Report: CA Teacher Shortage Persists, Hits High-Poverty Schools Hardest

Suzanne Potter California News Service
A new study shows that teachers continue to leave the profession faster than they can be replaced. Photo Credit: Unsplash

SACRAMENTO, Calif. – In California and across the nation, districts are struggling to hire enough teachers. And the shortage is getting worse, according to a new report.

There remains a supply gap of about 110,000 teachers nationwide as of last school year, primarily because more teachers are quitting or switching schools, and fewer people are entering the profession. Emma Garcia coauthored the report from the Economic Policy Institute. She said a lot of the problems could be fixed with more investment to raise salaries, lower classroom sizes and better fund schools overall.
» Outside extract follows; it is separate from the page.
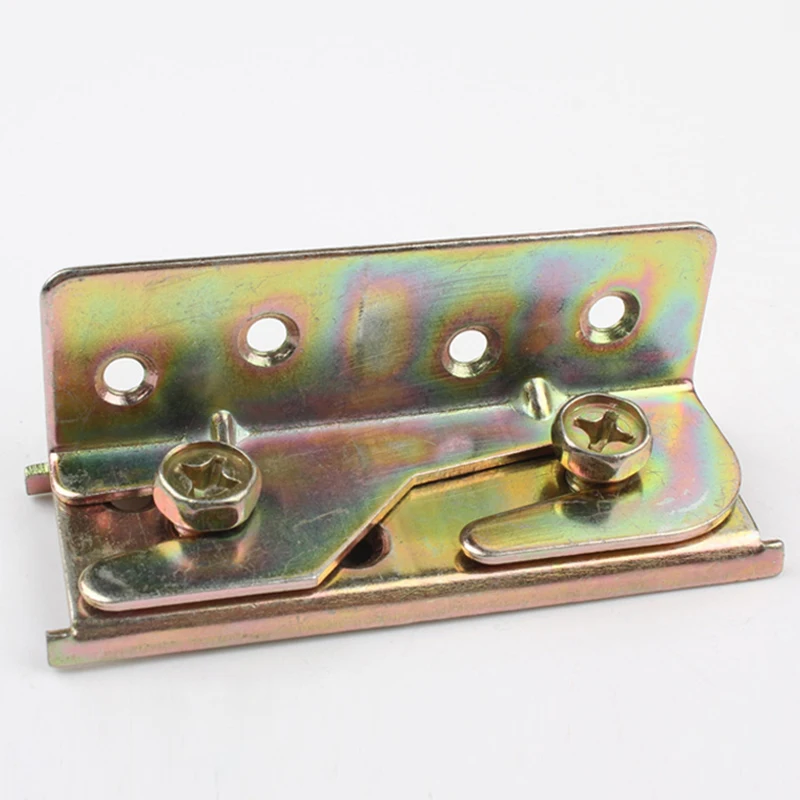 

Furniture Wooden Bed Rail Bracket - Bed Guardrail Accessories - Heavy Duty Non-Twisted - Four-Piece (Including Screws)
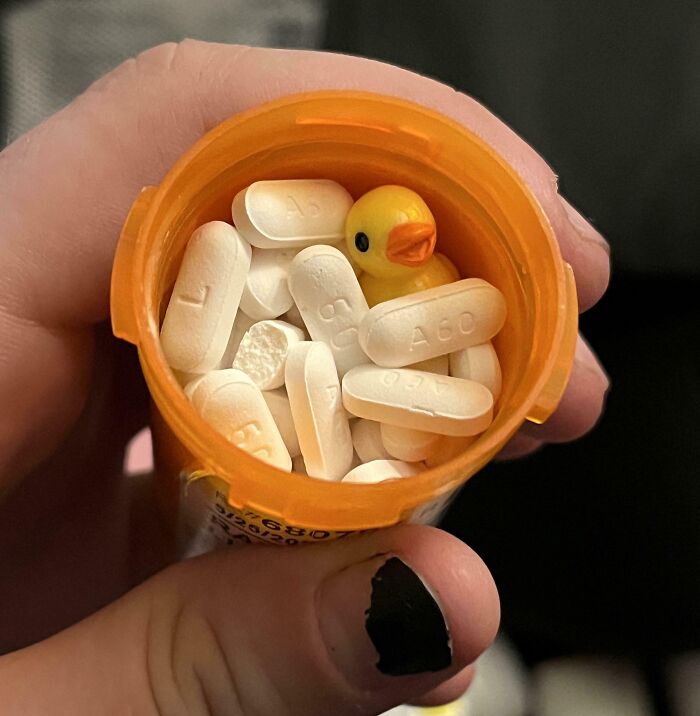 I Keep A Tiny Rubber Ducky In My Antidepressants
“Working conditions, including pay, school climate and professional development, need to be improved,” Garcia said.

California is in the bottom ten nationwide – 44th for per-pupil spending. However the state has spent $200 million over the past few years to attract, train and retain more teachers.

2018 study by the Learning Policy Institute found the shortages are particularly acute in math, special education, science and bilingual education – and these issues are more severe in high-poverty school districts. It also found that school districts are increasingly hiring under-qualified applicants.
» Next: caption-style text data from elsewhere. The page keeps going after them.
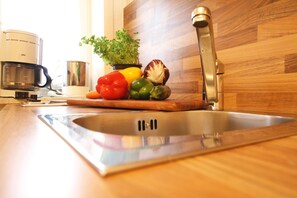 Apartemen | Dapur pribadi | Lemari es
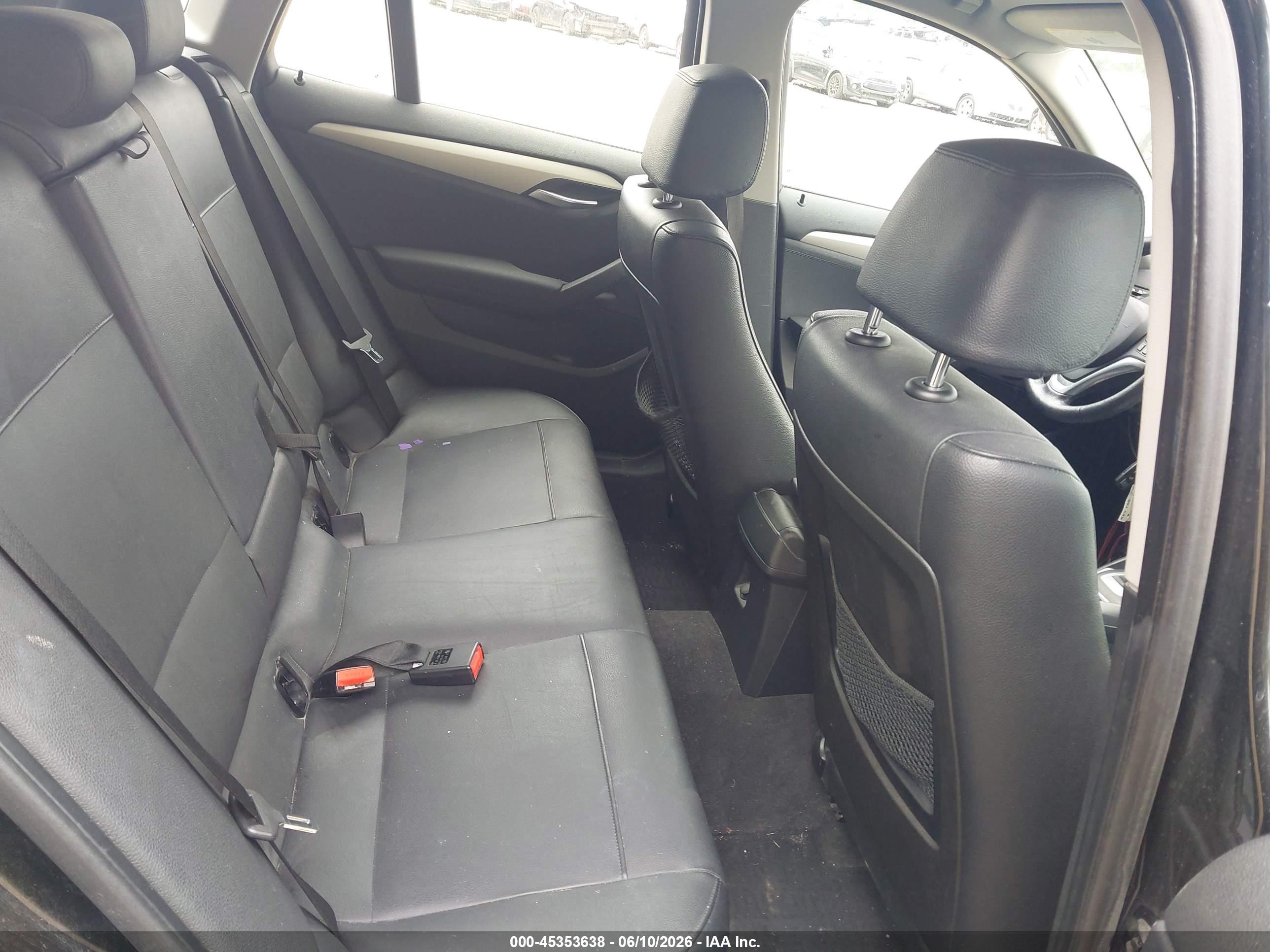 2014 Bmw X1 Xdrive28i Black vin: WBAVL1C58EVY12454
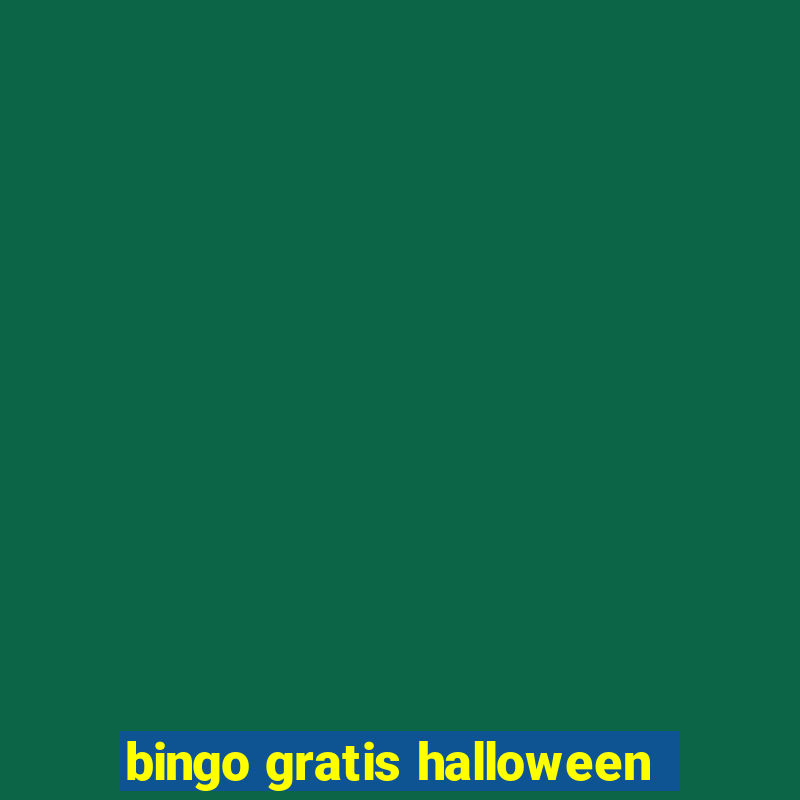 bingo gratis halloween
Garcia said to reverse the slide and attract bright young people to the profession, the country needs to give teachers the same respect – and earning potential – as they accord other professionals such as doctors and lawyers.

“It’s also a matter of societal changes, that we see teachers more like we see other professions, that we value teachers, that we appreciate the work that they do,” Garcia said.

Some experts say the years of layoffs and cost-cutting during the recession discouraged people from becoming teachers and created so much stress on teachers that many opted to leave the profession. The EPI report also found from 2008 to 2016, the U.S. saw more than a 27 percent drop in people completing teacher preparation programs and 15 percent drop in people receiving an education.